A Quick Game of "Catch the Ring-bearer"
After over a year of shaking my head every time I watched the collapsing stairway scene, and saying, "Great plan, guys. Leave the future King and the Ring-bearer behind," I noticed something that makes perfect sense (since we're talking about the movie versions of the characters): It's all Gimli's fault. Aragorn throws Sam across the gap in the stairs. Frodo's standing next to him and, quite logically, turns to be next (Merry and Pippin are already across, carried by Boromir). That's the moment Gimli decides to hold out his hand and say, "Nobody tosses a Dwarf." If not for that, Frodo would have been tossed across by Aragorn, Gimli would have... done whatever Gimli was going to do, and Aragorn would have been left to jump across himself, which he could have done quite capably--second only to Legolas--if not burdened with a hobbit to take care of.
Of course, that doesn't change the real reason Aragorn and Frodo were left on the other side of the fissure--to make the scene more tense. But at least there's some kind of rationale.
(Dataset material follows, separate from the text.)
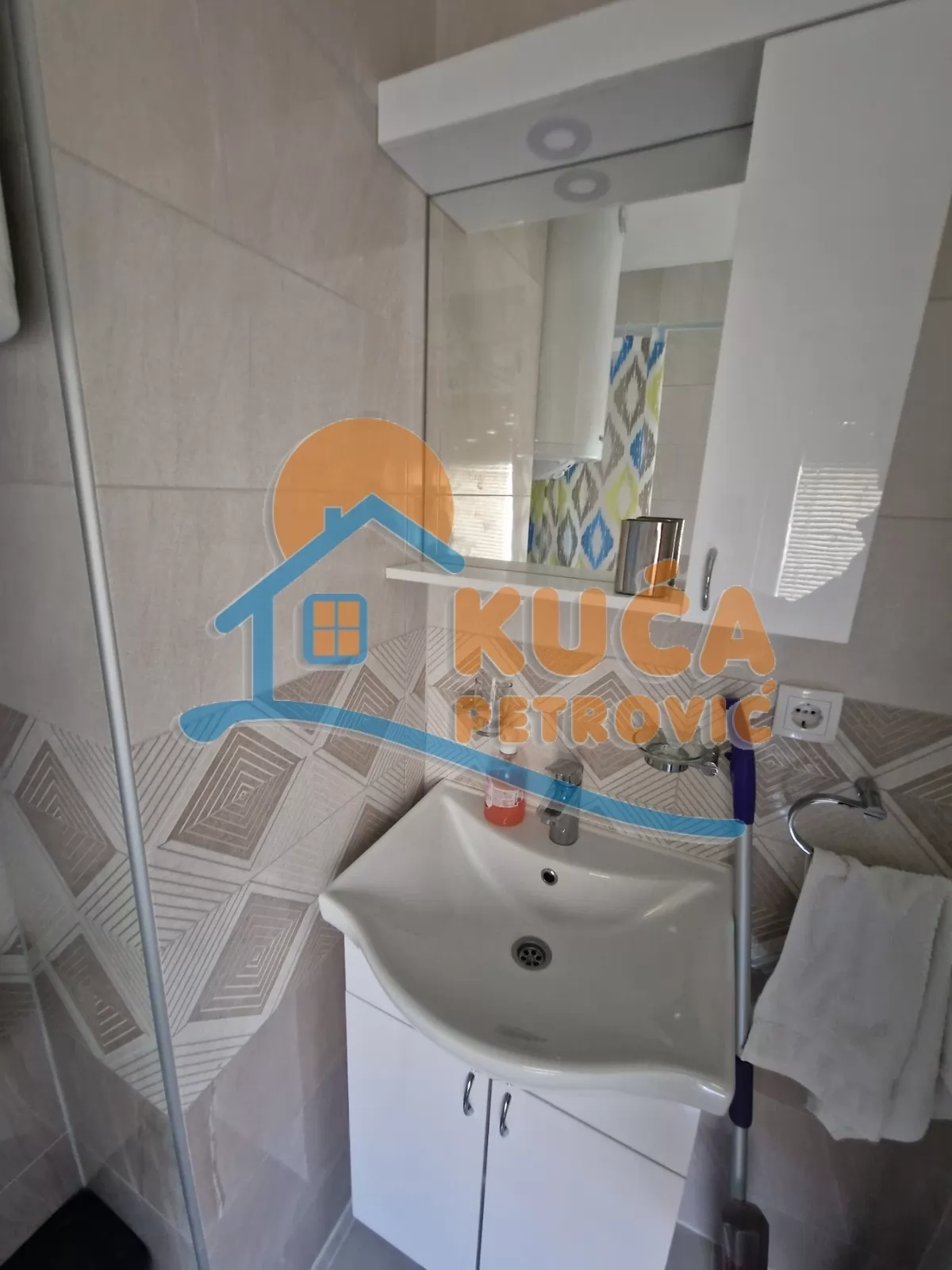 Trosoban stan, 73 m2, Centar, Olimpijska ulica ID: p-015413 7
We made it up to the actual trip across the gap here, so we'll pick it up at that point. All I've done to these pics is given each one exactly the same amount of "underexposure" treatment to lighten them up just a bit. However they shot this one, the blurred frames seem to show there actually were bodies moving very quickly through space. In fact, because things were moving so fast, this is frame-by-frame from #2 on.
Here, as in the scene where Boromir holds Frodo back from running to Gandalf at the Bridge, I initially thought it was too bad we didn't see more of Boromir's face, until my "non-suspension-of-disbelief" side kicked in and reminded me, "It's not Sean Bean, silly--It's his scale double." Duh.